This account by Mrs Holbrook describes the beginnings of the Cheshire Home. It has been reproduced from Look! This is Timsbury by kind permission of the Cheshire Home.
Q. How did you first come to be involved with the Cheshire Home?
A. The first I can remember about it was Bert and I were sat at home one night, and a knock came at the door and a lady and gentleman stood at the door. They introduced themselves as Col. and Mrs. Symes and they told us what they’d come for. I asked them and they said that they were turning Greenhill House into a Cheshire Home and they wanted volunteers to come in and mark bed linen and to paint lockers, did I know anyone that would do that? I volunteered straight away and then I went to several more of my friends and about four or five of us used to come down evenings to do this and then she said another thing we want is a man to see to the boilers because they were coal-fired, my husband volunteered and Philip my son. They kept the boilers going so that the pipes wouldn’t burst. I remember them shoveling their way through snow one morning to make a path to get down in there. That’s how it all began.
Q. How many people were employed in those early days?

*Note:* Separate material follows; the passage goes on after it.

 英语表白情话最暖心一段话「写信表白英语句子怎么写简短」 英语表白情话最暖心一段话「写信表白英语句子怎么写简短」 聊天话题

A. Just a few for a few weeks until they got it going – no residents were here at all then. Four of the early residents were Ruby Lynn, Miss Hacker, Charlie Tucker and Bill Waite. Course, I’d always understood that Cheshire Hopes were for wounded soldiers, I think a lot of people thought that. Mrs. Symes had a talk with me and told me what our duties would entail if we came here to work. I was on the nursing staff first. We had a cook and one or two cleaners used to come in but of course it wasn’t as big as it is now. I think there were six bedrooms; one big room had four beds in, divided with curtains to keep them private. People came and made the curtains and put them up voluntary. The dining room was where it is now. Where they do the ironing now used to be the ”quiet room” and the room where the office is now, they used to sit there with the telly. That was very nice because they could look out across the fields and see anybody passing but now they’re up there (in the new block) they can’t see anything. The washing of the linens was done in the old warehouse over where the girls have got their rest room now.

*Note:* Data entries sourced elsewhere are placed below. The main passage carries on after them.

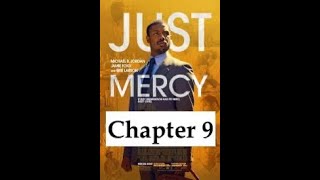 Just Mercy Chapter 9 Im Here by Bryan Stevenson [upl. by Schreib635]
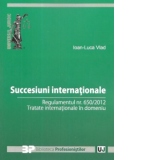 Succesiuni internationale. Regulamentul nr. 650/2012.Tratate internationale in domeniu
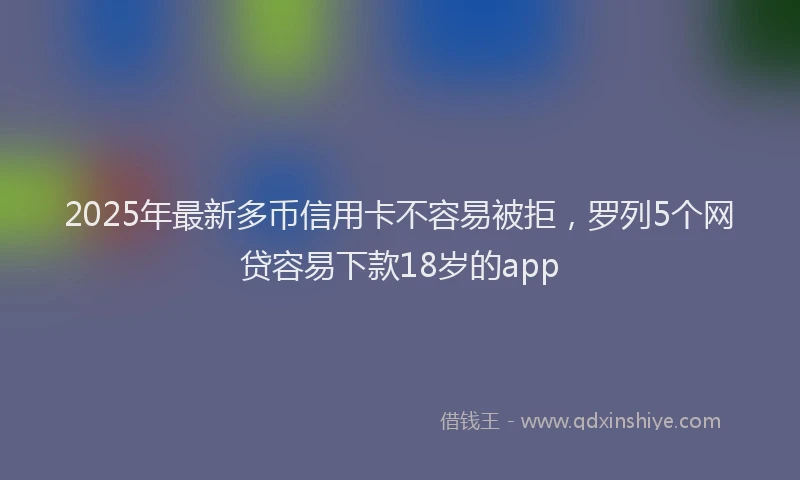 2025年最新多币信用卡不容易被拒，罗列5个网贷容易下款18岁的app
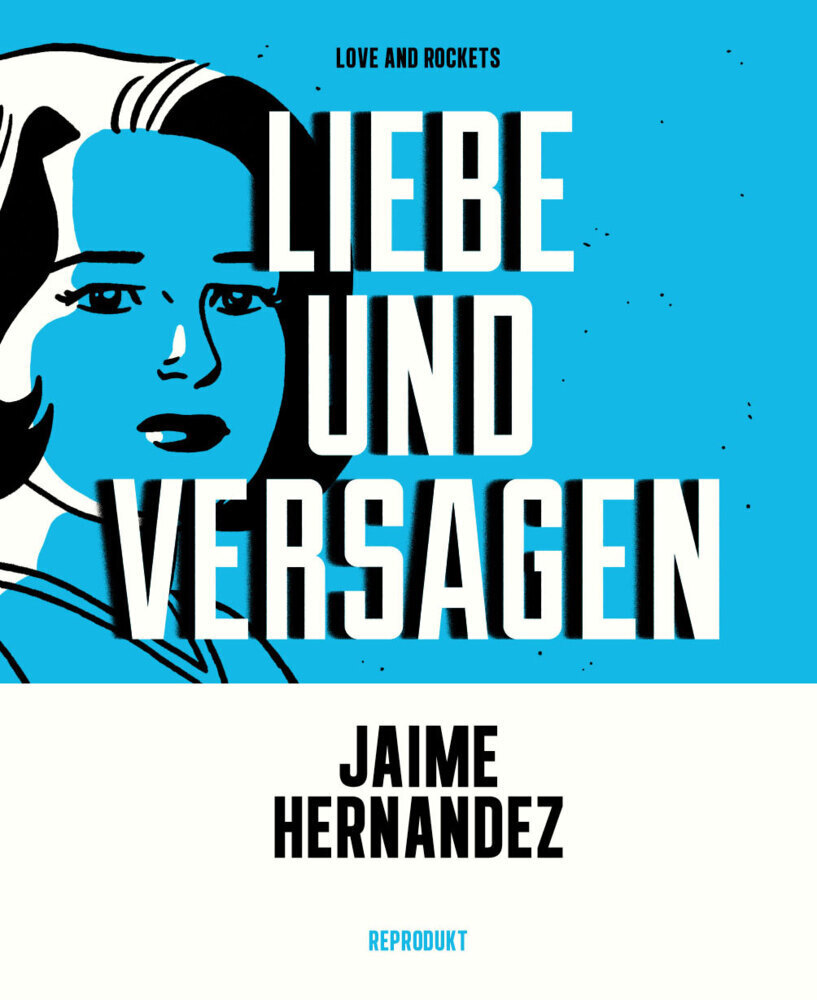 Cover: 9783956400698 | Love and Rockets - Liebe und Versagen | Jaime Hernandez | Buch | 2016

It was a 24-hour service, so many hours on and so many hours off. I used to come in at 7.30 in the morning and go again at 12.00, and then somebody else would come on and stay till perhaps 5.00. The evening people came on after that. It was voluntary at the beginning – we worked six weeks voluntary. They had to start in a very poor way, only buy things that the hospitals didn’t need but the Cheshire Home could use. Bert (my husband) worked in the gardens, and everything that they grew there was brought down here and weighed and they had to pay for it if they used it in the Home. There used to be a bigger greenhouse than the one here now. That fell to pieces and they built a new one.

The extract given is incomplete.